Mit dem Stadtrat hat es damals nicht geklappt, dafür aber als Nachrückerin für den Bundestag…

Seitdem ist mein Alltag ganz schön auf den Kopf gestellt. Ich war vorher viel im Homeoffice, mein Job hat mir großen Spaß gemacht. Durch den Einzug in den Bundestag habe ich nun einen vollen Terminkalender und pendle ständig zwischen Berlin und Augsburg hin und her. Aber es macht Spaß. Ich lerne so viele neue Menschen und Themen kennen, das ist gerade alles sehr aufregend.

Im Gegensatz zum Bundestag werden in den meisten Sitzungen auf kommunaler oder Landesebene keine Debatten in Gebärdensprache übersetzt. Wie schwer ist politische Teilhabe für Gehörlose?

Der Bundestag ist für mich größtenteils barrierefrei. Die Bundestagsverwaltung versucht, mögliche Barrieren abzubauen. Mir wurde versichert, dass sie alles dafür tun, damit ich mein Mandat ebenso ausüben kann wie andere Abgeordnete. Aber in anderen politischen Bereichen muss dafür noch immer gekämpft werden. Wir müssen es schaffen, dass endlich alle Menschen teilhaben können – so wie es in der UN-Behindertenrechtskonvention steht. Ich wünsche mir, dass durch meine Sichtbarkeit als gehörlose Abgeordnete mehr Bewusstsein dafür entsteht.

In welchen Lebensbereichen wird Teilhabe zu wenig mitgedacht?

Es gibt so viele Beispiele. Letztes Jahr wollte ich an einem Seminar teilnehmen. Ein hörender Mensch wählt ein Seminar, meldet sich an und geht hin. Ich muss erst nach Dolmetschern fragen, klären, wer die Kosten übernimmt, darüber gibt es meistens eine Diskussion mit den Ämtern.
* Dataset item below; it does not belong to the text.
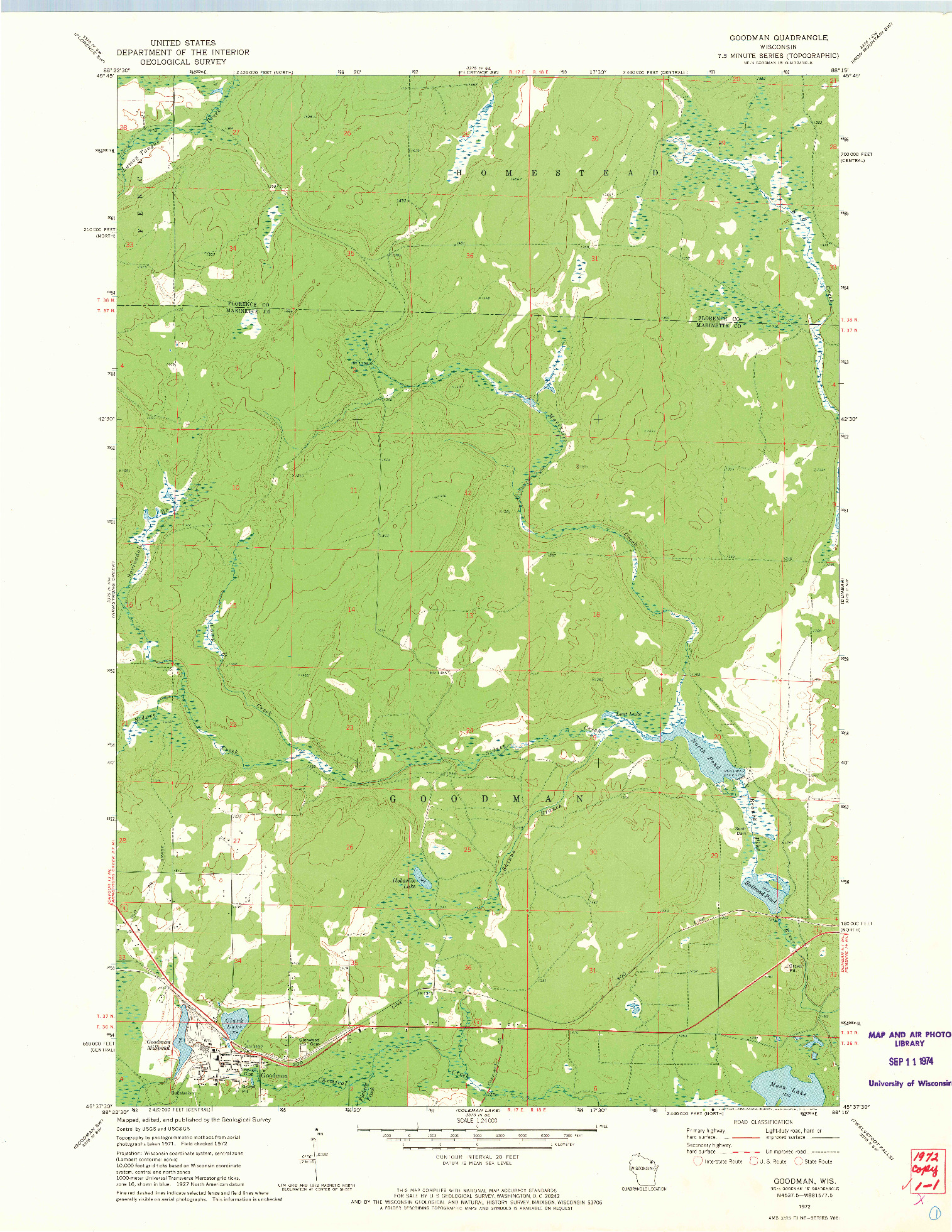 USGS 1:24000-SCALE QUADRANGLE FOR GOODMAN, WI 1972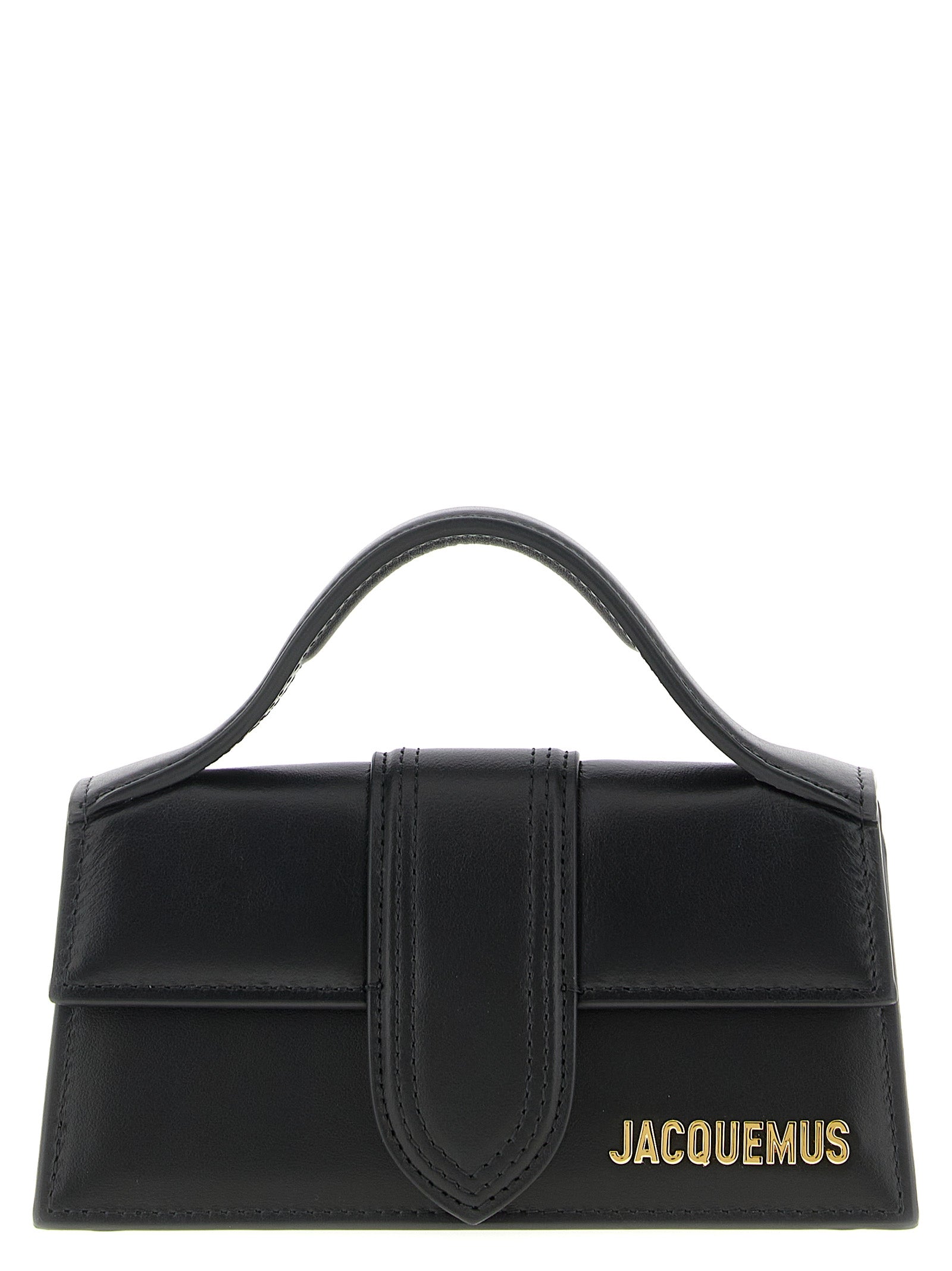 Jacquemus Le Bambino black leather small handbag with gold logo and removable strap.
Dann muss ich Dolmetscher finden, die Zeit haben. Erst wenn das alles gelingt, kann ich mich anmelden. Und nach dem Seminar muss ich mich darum kümmern, dass die Dolmetscher bezahlt werden. Theoretisch habe ich denselben Zugang wie Hörende – tatsächlich habe ich aber viel mehr Aufwand, um teilnehmen zu können. Dolmetscher müssten selbstverständlich verfügbar sein. Erst dann kann man wirklich von Barrierefreiheit sprechen.

In Bayern hat der Landtag ein monatliches Gehörlosengeld als Unterstützung abgelehnt. Es gibt nur eine Einmalzahlung von 145 Euro. Ist das eine Hilfe?

Das Gehörlosengeld soll eine Entschädigung sein, Alltags-Barrieren auszugleichen. Für die Bezahlung von Dolmetschern würde es nicht reichen. Ich befürchte, wenn dieses Geld gezahlt würde, wäre das mit der Aufforderung an Gehörlose verbunden, sich selbst zu kümmern. Den Fokus auf Teilhabe finde ich viel wichtiger. Dolmetscher müssen selbstverständlich eingesetzt werden.

Im Bundestag haben Sie zwei Dolmetscher. Übersetzen sie wörtlich für Sie oder sinngemäß?

Eine wörtliche Übersetzung funktioniert in der Gebärdensprache nicht. Das Dolmetschen bedeutet, den Kern einer Aussage zu erfassen und ihn sprachlich und kulturell an die andere Sprache anzupassen. Es gibt natürlich Lautsprache begleitende Gebärden, bei denen buchstabiert wird. Aber eine Eins-zu-eins-Übersetzung funktioniert nicht. Ich habe zwei Dolmetscher, weil einer für mich die Redebeiträge übersetzt und einer parallel die hörbaren Zwischenrufe.

Haben Sie im Bundestag schon Ihren ersten Redebeitrag gehalten?

Nein – aber der Eindruck ist entstanden. Vor meiner ersten Parlamentssitzung durfte ich mit meinen Dolmetschern in den Saal gehen, um zu schauen, wie wir uns am besten positionieren. Das war nur eine Stellprobe, es wurde aber gefilmt. Sofort verbreitete sich die Nachricht, ich hätte schon meine erste Rede gehalten. Wann das so weit sein wird, weiß ich noch nicht.